Wednesday, April 12, 2006

Turnitin

I know there's a lot of hatin' on Turnitin going on out there in the Composphere, and I am sympathetic. I really am. I had my students submit their research papers to Turnitin, though, and I think I'm glad I did. They submitted rough drafts, not final drafts. I wasn't trying to do a "gotcha" thing. I just wanted to have an object lesson in paraphrasing without subjecting myself to reading 3000 (bad) paraphrases.

It's worked out pretty well. They bring me their reports from Turnitin, and I tell them which parts really should be reworded and which parts strike me as insanely silly. It marks things like "in the United States," for example, as plagiarized.

I have noticed that no one yet has submitted a paper Turnitin said was 100% plagiarized. My theory is that the people who were planning to cheat have opted instead to just not turn anything in.

So if I have a point it's that automated plagiarism catchers can be made into useful exercises if the power to decide to take their advice or not is in the hands of the students. That is all I have to say.

2 comments:

Mike @ Vitia said...

Your example of "in the United States" as plagiarized strikes me as a primary argument against turnitin.com: you, as a teacher, know that such a phrase isn't stolen, whereas seeing a phrase like "frog blast the vent core" in two different essays would give you pause. To take it a step further: at what point did academics who read Foucault decide it was OK to stop putting quotation marks around the phrase "always already"?

Turnitin.com is a tool for teachers who don't want to read papers; a tool for teachers who don't want to have to pay attention to their students' writing. It facilitates pedagogical laziness. (Let me make it clear, Sharon, that I'm certainly not accusing you of pedagogical laziness, especially not after hearing your CCCC presentation -- I'm just saying what I think turnitin.com does.)

I'm writing this because I have a plagiarism case in front of me right now, and I found it because I knew the student's style, and there were phrases in the plagiarized essay that simply didn't sound right -- so I googled them, and sure enough, I found the sources. I found the plagiarism because I paid attention to the way my students write.

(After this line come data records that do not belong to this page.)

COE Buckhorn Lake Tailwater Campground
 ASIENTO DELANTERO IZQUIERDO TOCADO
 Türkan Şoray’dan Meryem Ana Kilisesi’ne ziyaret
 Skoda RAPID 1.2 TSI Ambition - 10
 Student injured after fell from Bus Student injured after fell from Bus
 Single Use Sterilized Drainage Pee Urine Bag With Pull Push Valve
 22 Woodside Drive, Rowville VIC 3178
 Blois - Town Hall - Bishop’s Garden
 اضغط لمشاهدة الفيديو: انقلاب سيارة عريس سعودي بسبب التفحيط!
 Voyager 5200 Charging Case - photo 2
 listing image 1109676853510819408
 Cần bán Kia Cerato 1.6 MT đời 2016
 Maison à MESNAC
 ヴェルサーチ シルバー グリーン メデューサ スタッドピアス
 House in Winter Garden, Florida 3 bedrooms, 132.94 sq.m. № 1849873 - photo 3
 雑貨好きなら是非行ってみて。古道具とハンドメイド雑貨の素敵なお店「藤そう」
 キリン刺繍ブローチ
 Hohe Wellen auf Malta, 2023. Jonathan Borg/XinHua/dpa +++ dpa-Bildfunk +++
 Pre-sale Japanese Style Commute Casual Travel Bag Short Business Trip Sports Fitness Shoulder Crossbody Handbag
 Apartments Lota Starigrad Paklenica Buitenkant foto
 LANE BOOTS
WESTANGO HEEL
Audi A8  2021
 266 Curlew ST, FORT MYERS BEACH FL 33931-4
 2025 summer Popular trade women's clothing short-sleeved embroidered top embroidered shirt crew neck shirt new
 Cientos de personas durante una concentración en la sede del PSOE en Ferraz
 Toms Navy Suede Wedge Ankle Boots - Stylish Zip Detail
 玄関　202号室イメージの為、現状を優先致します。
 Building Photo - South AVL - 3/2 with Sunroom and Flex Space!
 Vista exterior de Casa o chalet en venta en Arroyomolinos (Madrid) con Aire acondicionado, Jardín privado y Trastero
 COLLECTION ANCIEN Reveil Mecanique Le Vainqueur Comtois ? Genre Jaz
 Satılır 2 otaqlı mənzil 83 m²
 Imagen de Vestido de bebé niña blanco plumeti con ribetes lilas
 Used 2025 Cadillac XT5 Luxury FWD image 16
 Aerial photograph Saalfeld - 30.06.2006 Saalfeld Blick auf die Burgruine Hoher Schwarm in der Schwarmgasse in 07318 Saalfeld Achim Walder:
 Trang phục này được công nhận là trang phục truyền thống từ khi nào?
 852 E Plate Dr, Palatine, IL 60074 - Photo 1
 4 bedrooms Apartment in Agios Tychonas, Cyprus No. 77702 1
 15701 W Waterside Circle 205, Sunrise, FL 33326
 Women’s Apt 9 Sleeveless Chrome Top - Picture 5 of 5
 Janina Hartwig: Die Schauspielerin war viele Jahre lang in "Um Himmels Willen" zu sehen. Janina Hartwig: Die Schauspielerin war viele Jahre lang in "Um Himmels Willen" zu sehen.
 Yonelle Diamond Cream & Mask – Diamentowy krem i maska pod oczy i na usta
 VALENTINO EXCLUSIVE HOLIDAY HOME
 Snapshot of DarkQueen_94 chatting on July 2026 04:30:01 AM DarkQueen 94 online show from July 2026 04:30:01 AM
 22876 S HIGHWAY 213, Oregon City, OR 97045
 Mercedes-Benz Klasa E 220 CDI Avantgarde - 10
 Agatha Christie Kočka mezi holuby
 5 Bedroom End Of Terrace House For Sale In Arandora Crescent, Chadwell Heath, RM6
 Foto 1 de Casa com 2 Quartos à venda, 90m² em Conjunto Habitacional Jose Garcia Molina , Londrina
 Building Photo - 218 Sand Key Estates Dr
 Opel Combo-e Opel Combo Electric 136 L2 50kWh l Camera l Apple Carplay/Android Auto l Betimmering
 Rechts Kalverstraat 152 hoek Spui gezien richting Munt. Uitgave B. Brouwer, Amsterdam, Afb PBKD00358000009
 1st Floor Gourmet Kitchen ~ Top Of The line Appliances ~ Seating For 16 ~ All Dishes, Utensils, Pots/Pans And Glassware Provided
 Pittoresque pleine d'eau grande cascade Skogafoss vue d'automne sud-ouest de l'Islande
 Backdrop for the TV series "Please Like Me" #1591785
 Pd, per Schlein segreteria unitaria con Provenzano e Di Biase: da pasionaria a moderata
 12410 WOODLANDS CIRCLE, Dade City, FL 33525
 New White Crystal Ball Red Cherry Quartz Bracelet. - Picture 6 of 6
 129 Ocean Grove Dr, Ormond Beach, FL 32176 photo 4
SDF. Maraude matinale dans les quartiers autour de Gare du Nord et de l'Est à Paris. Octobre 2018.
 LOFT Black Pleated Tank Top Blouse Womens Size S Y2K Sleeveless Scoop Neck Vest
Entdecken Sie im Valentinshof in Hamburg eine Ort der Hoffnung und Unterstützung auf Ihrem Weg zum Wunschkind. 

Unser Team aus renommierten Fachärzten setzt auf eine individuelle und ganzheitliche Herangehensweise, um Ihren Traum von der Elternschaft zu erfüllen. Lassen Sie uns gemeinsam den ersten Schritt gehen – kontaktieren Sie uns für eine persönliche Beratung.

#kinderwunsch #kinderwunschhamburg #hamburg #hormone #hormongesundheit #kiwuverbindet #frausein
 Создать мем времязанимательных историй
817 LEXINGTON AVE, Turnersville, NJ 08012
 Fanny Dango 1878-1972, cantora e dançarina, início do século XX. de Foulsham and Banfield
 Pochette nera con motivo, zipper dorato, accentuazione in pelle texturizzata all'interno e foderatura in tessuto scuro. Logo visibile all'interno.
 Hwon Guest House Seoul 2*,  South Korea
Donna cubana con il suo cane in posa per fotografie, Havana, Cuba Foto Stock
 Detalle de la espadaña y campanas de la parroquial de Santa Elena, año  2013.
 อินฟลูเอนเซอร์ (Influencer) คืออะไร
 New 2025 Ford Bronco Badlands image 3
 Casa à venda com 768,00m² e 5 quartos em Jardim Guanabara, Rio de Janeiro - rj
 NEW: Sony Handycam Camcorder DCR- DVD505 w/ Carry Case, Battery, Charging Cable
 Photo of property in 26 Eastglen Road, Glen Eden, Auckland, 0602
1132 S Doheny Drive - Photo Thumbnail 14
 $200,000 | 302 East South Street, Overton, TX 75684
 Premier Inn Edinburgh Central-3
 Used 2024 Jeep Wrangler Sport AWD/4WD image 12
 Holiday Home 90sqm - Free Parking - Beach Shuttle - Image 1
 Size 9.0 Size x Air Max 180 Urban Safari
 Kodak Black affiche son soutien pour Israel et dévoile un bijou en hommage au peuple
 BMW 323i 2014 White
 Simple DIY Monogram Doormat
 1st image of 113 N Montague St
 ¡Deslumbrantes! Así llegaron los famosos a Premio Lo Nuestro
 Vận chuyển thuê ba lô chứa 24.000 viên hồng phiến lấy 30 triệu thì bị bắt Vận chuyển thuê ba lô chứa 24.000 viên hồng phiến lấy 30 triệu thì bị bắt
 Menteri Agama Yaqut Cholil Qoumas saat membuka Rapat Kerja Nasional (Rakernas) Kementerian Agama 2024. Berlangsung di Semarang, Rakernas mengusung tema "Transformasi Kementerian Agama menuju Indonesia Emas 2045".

What happens if turnitin.com makes it OK for writing teachers to not pay attention to how their students write?

Sharon Gerald said...

I see Turnitin as being akin to spell check. It's not always right. In fact, at times it's embarrassingly wrong. Since it's there, though, it might as well be used just in case it helps.

The difference is that no self-respecting English teacher would rely on spell check to locate mistakes while grading. People are doing that with Turnitin, and it is wrong for all the reasons you cite, Mike.

So many composition classes are being taught by people who are so overloaded as to have very little time for careful attention to student writing, though. I disagree with Turnitin as a "gotcha" device, but I can't always blame people for resorting to short cuts.